Start of RECORDED INFORMATION

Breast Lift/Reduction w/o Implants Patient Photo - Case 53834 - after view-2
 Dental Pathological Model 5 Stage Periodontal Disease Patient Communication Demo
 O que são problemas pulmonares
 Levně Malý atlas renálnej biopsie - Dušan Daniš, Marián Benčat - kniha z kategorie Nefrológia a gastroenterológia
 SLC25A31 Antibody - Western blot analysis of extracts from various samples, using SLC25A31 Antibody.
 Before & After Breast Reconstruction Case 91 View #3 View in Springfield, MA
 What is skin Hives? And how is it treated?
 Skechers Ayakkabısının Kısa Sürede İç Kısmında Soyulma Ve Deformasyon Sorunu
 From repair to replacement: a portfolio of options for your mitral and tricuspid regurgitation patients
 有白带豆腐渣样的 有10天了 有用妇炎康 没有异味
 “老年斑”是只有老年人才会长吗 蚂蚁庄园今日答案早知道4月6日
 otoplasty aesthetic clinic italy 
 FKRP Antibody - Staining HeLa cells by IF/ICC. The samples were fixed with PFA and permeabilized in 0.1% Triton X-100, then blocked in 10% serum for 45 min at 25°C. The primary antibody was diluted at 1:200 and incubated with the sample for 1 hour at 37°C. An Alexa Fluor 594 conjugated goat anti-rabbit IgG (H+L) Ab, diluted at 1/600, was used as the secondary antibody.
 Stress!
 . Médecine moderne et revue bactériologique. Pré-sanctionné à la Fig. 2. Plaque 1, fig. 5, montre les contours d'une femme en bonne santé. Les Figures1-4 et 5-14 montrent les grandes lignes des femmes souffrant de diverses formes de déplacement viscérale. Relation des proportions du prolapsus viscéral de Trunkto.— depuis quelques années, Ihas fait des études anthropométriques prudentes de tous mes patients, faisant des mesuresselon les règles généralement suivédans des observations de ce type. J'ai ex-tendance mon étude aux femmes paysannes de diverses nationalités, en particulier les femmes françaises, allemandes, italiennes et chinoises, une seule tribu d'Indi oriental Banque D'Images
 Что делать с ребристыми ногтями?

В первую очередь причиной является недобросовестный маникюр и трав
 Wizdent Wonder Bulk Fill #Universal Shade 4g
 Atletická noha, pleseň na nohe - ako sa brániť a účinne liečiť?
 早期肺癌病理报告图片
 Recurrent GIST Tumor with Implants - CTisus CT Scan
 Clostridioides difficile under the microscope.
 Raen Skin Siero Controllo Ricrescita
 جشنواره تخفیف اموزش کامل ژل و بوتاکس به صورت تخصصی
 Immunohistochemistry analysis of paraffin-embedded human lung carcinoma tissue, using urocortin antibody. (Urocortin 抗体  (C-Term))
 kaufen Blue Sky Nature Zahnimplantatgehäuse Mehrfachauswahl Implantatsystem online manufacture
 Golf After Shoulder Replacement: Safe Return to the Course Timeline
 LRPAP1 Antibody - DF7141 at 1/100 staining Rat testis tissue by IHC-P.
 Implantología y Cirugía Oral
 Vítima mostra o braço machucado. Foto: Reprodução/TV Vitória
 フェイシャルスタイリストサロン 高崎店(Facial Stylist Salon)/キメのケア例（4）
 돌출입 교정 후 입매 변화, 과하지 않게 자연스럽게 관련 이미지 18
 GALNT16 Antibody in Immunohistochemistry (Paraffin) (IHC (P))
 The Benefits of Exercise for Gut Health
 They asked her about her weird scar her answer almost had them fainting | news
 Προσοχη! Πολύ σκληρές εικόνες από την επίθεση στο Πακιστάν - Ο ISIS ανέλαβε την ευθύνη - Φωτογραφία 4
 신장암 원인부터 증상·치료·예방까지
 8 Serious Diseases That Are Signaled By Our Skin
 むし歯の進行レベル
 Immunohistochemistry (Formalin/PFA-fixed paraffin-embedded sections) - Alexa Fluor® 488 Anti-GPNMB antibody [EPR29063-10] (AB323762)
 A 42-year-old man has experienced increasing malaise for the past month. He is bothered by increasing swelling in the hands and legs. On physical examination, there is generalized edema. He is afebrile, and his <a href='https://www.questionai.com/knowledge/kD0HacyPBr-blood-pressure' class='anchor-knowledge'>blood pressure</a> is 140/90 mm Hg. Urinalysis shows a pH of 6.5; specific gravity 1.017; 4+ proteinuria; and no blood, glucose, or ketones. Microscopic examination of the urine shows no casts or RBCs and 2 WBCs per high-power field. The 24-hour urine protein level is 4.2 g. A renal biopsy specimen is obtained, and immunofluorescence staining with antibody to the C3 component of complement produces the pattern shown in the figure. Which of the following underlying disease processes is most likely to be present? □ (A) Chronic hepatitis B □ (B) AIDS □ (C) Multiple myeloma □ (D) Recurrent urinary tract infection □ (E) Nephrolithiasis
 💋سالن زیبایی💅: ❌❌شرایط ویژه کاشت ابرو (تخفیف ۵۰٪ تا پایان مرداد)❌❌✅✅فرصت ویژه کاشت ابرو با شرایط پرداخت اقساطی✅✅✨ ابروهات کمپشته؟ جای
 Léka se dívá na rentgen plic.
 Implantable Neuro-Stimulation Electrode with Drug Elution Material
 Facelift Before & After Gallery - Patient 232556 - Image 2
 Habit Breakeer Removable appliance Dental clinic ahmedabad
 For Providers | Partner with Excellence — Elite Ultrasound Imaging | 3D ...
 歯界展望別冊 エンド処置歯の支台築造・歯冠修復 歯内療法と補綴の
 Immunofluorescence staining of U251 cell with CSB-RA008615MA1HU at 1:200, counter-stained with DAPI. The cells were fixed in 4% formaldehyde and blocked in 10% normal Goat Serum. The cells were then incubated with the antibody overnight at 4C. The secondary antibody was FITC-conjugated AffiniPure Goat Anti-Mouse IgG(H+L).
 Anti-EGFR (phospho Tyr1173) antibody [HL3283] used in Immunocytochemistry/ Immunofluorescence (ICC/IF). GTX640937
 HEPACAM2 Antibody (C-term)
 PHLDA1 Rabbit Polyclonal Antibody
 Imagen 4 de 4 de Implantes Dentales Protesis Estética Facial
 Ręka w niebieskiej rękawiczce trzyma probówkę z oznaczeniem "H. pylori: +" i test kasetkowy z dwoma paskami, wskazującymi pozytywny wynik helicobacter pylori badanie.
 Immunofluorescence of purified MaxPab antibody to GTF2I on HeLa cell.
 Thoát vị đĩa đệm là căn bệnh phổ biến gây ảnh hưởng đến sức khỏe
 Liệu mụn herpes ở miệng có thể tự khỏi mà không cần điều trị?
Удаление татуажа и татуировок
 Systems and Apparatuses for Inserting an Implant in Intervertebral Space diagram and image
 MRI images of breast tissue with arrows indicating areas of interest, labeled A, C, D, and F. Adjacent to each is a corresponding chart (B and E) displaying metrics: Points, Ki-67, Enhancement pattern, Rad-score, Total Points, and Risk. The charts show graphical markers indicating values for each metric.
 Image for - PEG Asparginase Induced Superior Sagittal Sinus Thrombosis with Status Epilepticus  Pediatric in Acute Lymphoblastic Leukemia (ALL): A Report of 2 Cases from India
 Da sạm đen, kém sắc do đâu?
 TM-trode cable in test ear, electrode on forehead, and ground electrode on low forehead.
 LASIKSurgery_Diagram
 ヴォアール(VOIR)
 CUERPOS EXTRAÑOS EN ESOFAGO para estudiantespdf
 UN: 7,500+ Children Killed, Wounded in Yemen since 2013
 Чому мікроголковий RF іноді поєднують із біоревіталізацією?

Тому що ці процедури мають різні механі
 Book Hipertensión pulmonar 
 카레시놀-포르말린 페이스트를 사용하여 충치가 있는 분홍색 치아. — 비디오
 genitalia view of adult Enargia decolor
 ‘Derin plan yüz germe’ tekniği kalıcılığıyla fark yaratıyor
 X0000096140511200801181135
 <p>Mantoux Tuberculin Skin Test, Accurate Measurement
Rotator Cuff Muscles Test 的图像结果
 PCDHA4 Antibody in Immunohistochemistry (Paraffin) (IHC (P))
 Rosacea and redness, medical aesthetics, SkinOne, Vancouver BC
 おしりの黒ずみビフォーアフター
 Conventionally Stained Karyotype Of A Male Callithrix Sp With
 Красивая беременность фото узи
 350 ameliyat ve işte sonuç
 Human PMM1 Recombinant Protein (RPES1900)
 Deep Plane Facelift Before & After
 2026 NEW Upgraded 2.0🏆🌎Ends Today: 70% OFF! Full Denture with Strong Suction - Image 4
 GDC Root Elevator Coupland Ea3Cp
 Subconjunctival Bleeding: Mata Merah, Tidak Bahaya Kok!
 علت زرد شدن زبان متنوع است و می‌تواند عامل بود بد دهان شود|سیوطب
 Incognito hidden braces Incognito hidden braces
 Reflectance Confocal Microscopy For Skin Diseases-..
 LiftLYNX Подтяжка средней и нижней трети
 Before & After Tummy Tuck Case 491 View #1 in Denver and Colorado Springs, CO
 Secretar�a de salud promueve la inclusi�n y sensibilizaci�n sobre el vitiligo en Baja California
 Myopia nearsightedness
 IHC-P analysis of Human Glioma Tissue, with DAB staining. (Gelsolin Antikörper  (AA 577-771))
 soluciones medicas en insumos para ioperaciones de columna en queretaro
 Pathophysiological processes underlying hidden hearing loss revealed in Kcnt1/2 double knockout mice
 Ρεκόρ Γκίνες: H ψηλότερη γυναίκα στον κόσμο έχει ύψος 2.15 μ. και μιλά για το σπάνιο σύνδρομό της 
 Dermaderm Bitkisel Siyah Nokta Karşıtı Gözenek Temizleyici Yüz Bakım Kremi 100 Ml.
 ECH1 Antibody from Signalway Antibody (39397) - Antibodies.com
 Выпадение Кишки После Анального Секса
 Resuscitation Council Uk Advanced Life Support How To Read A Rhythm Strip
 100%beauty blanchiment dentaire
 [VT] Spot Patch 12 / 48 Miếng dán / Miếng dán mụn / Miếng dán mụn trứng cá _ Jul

End of RECORDED INFORMATION

TASK DIRECTIONS: Go through the listing and copy each line with the string "cells".

WRITTEN RESPONSE:
 FKRP Antibody - Staining HeLa cells by IF/ICC. The samples were fixed with PFA and permeabilized in 0.1% Triton X-100, then blocked in 10% serum for 45 min at 25°C. The primary antibody was diluted at 1:200 and incubated with the sample for 1 hour at 37°C. An Alexa Fluor 594 conjugated goat anti-rabbit IgG (H+L) Ab, diluted at 1/600, was used as the secondary antibody.
 Immunofluorescence staining of U251 cell with CSB-RA008615MA1HU at 1:200, counter-stained with DAPI. The cells were fixed in 4% formaldehyde and blocked in 10% normal Goat Serum. The cells were then incubated with the antibody overnight at 4C. The secondary antibody was FITC-conjugated AffiniPure Goat Anti-Mouse IgG(H+L).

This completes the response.